ASHRAE Standard 62.2 – 2013 also requires a continuous ventilation rate of 45 cfm for a one- bedroom enclosure of less than 1,000 ft2 floor area. No credit for infiltration is allowed for multifamily units. Additionally, ASHRAE Standard 62.2 – 2013 requires a vented kitchen range hood with a minimum intermittant exhaust flow of 100 cfm – or local kitchen area intermittant ventilation of 5 ach.

Exhaust-only ventilation at the ASHRAE Standard 62.2 – 2013 rate leads to significant depressurization in units that are constructed to meet the 2015 IRC or ASHRAE Standard 62.2 – 2013 air tightness requirements (CMHC 2005; Lstiburek 2013) and pulls air from neighboring units and corridors. Exhaust-only ventilation is not a viable ventilation strategy for multifamily construction. Nor is exhaust-only ventilation with passive air inlets.

Supply-only ventilation for multifamily construction at the ASHRAE Standard 62.2-2013 rates leads to significant pressurization of units.

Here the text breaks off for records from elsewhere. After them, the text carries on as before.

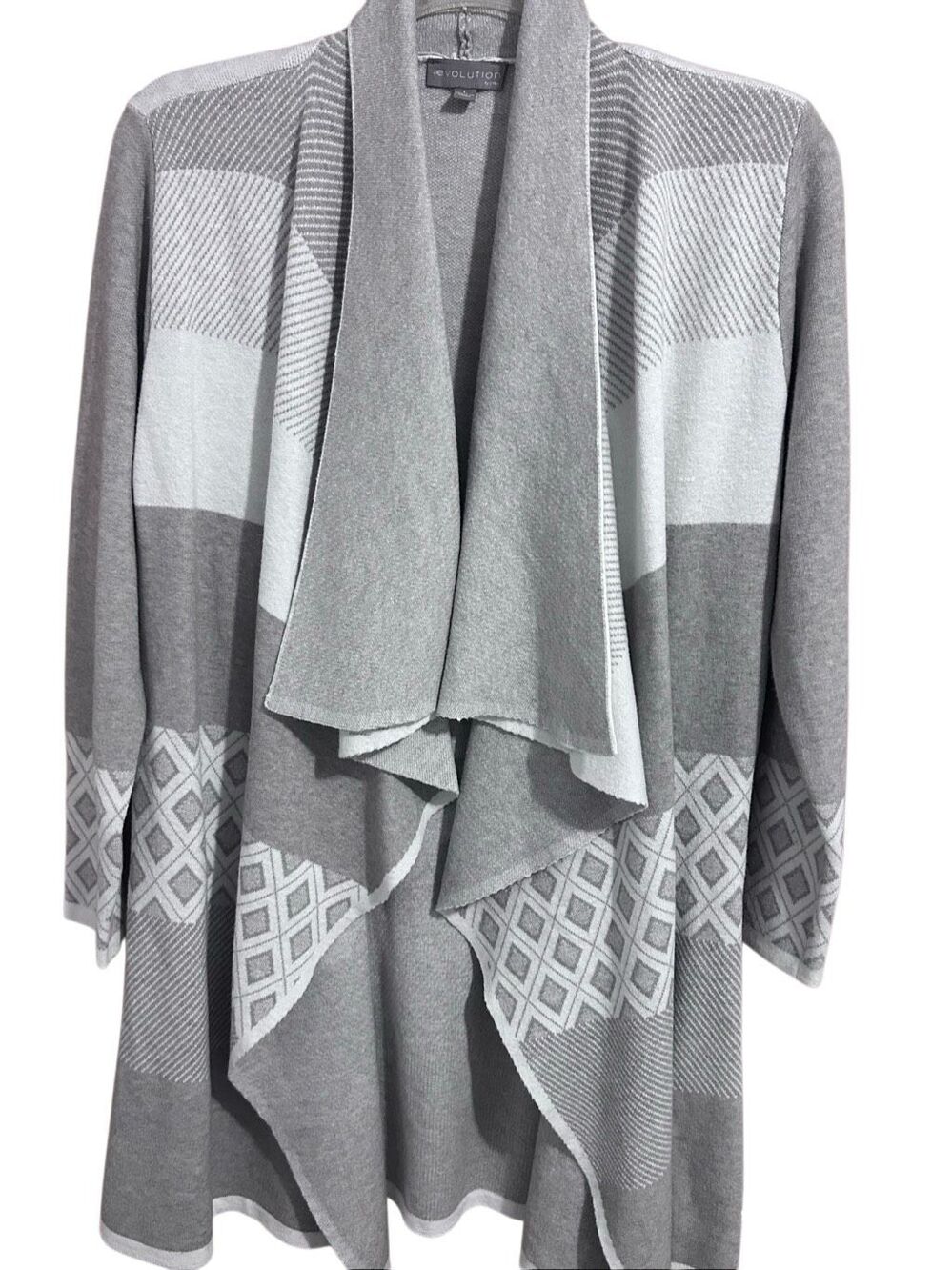 Evolution By Cyrus Sz L Grey Diamond Duster Waterfall Drape Cardigan Colorblock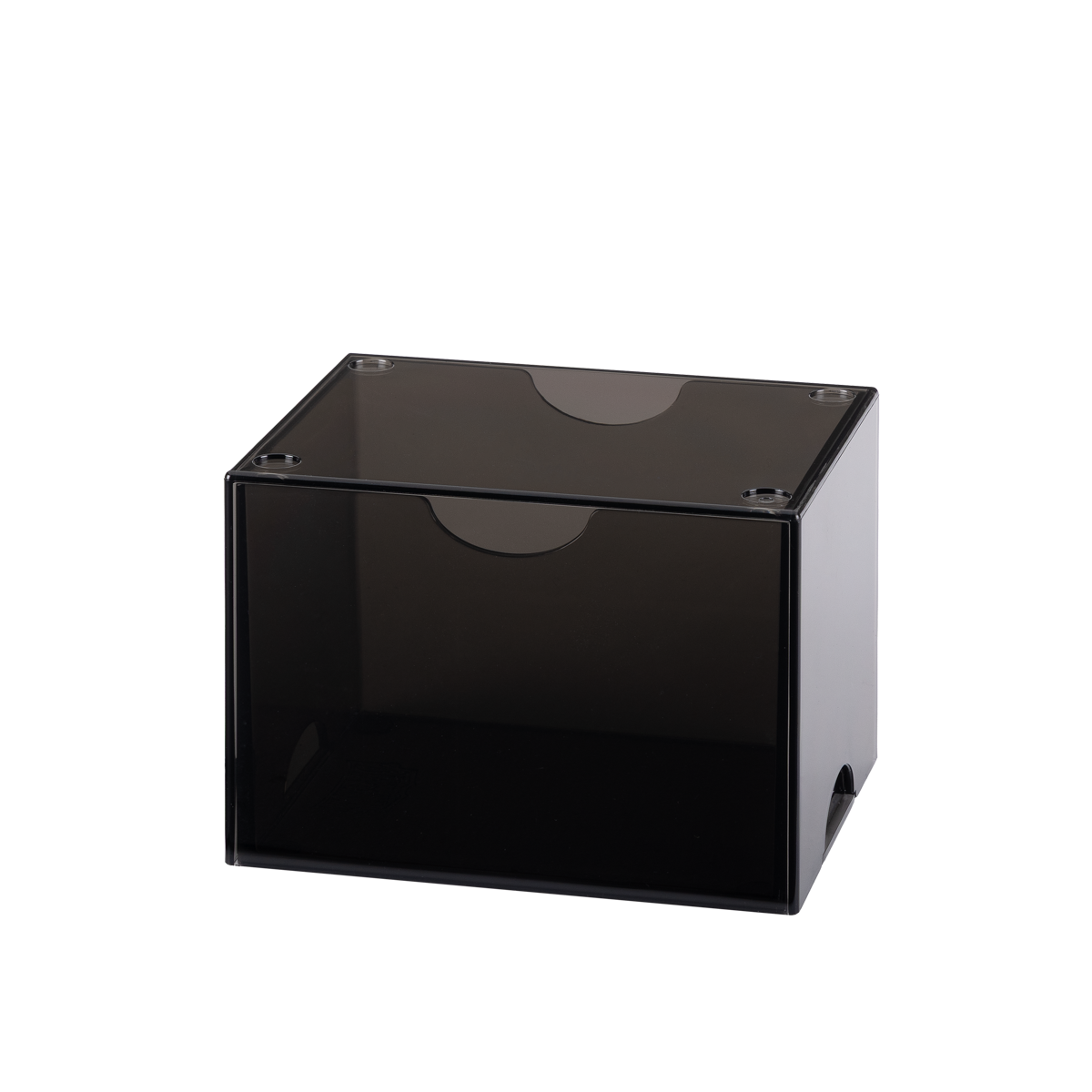 Close view of Dragon Shield Strongbox 100+ Deck Box - Clear Black packaging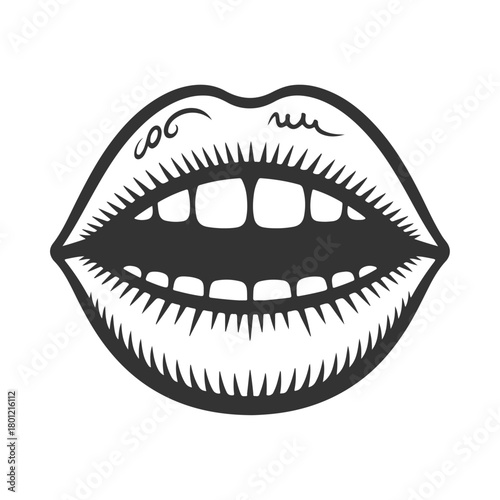 a black and white illustration of a mouth with teeth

This has the unintended consequence of driving air into neighboring units and the resulting potential of odor and contaminant transfer. Only balanced ventilation strategies are viable for multifamily construction and effective for high performance multifamily construction. Additionally, exhaust vented kitchen range hoods in multifamily construction are only effective with interlocked powered make-up air. Local kitchen area ventilation of 5 ach is proving problematic as no definition of "local" has been provided that is enforceable.

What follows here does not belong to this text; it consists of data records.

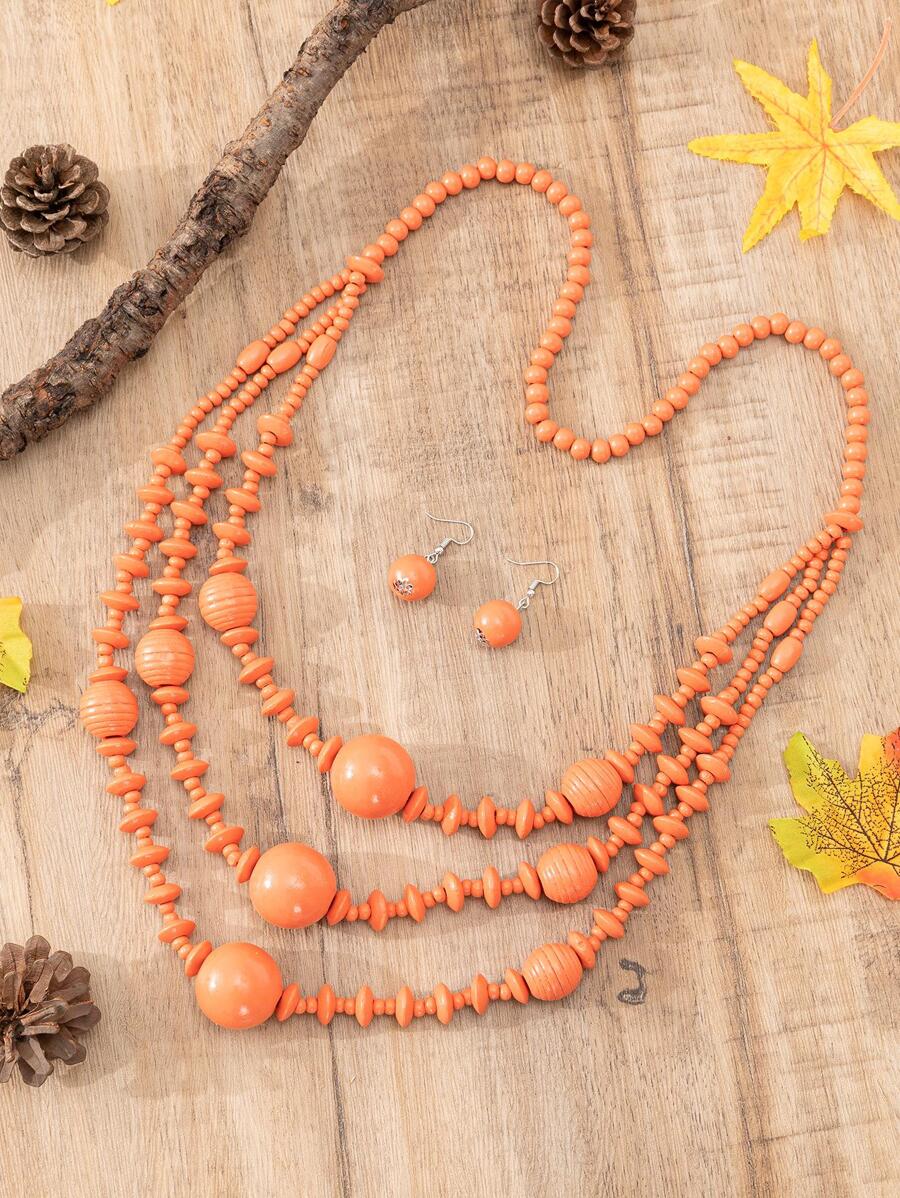 Bead Decor Layered Necklace & Drop Earrings - Orange - View 1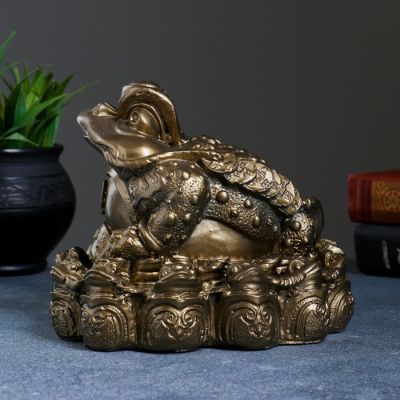 Копилка "Жаба фэн-шуй" 18х18см бронза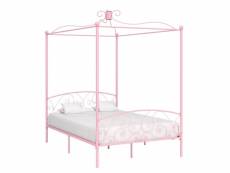 Lit simple pour adulte à baldaquin - cadre de lit rose métal 120 x 200 cm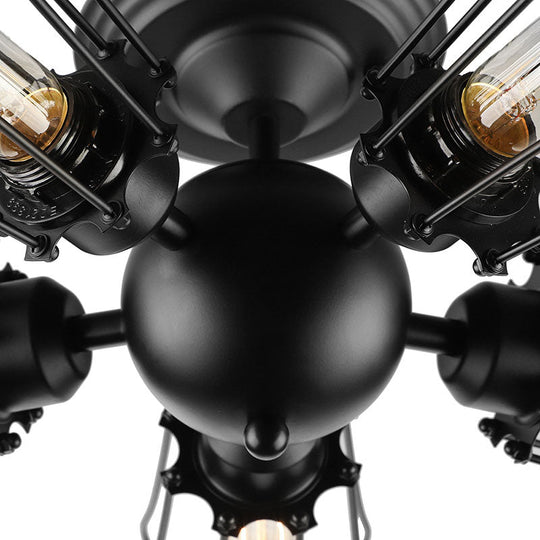 Rustic Wire Frame Ceiling Light - Vintage Bulb Shape With 3/5 Metal Lights In Black For Farmhouse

In warm-humid climates supplemental dehumidification is necessary in energy efficient homes where the sensible cooling load has been dramatically reduced (Rudd 2013). The issue is particularly acute in multifamily units ventilated at high ventilation rates such as those required by ASHRAE Standard 62.2 – 2013.

These are significant changes to current practice and this measure guideline addresses these issues.

2 Decision-Making Criteria

2.1 Advantages, Disadvantages and Costs

Each of the ventilation system options presented in this measure guideline has advantages, disadvantages and costs. In almost all cases the advantages, disadvantages and costs are subjective not objective after minimum requirements are met.

For example the choice of supplemental dehumidification is made by climate location. It is the only viable option in hot-humid and mixed-humid climates. No air conditioning systems currently exist that have sufficient dehumidification capability for multifamily units ventilated at ASHRAE Standard 62.2 – 2013 rates. Separate systems are required.

The choice of forced air vs. radiant is typically a regional choice. Radiant heating with no cooling is a Pacific Northwest approach to multifamily unit space conditioning. One method of providing balanced ventilation in such units is with an HRV or an ERV.  Balanced ventilation system units are commercially available without heat recovery or energy recovery. The advantage of heat recovery or energy recovery is the higher energy performance. In cases where a forced air system with air conditioning is compared with packaged terminal heat pumps (PTHP) little agreement exists. The cost of a ducted forced air system with outside air connected to the return side of the air handler coupled to an exhaust system in the bathroom(s) is similar to a ducted heat recovery ventilator (HRV) or energy recovery ventilator (ERV) providing the balanced ventilation with a PTHP. One has heat recovery/energy recovery and the other does not. It can be argued that since the costs are similar the HRV/ERV has an advantage due to the obvious energy savings. The counter argument is that maintenance and durability issues with a more complex system, such as an HRV/ERV, are not worth the energy advantage and the forced air system coupled to an exhaust system is viewed by others as preferable due to lower cost and less ductwork.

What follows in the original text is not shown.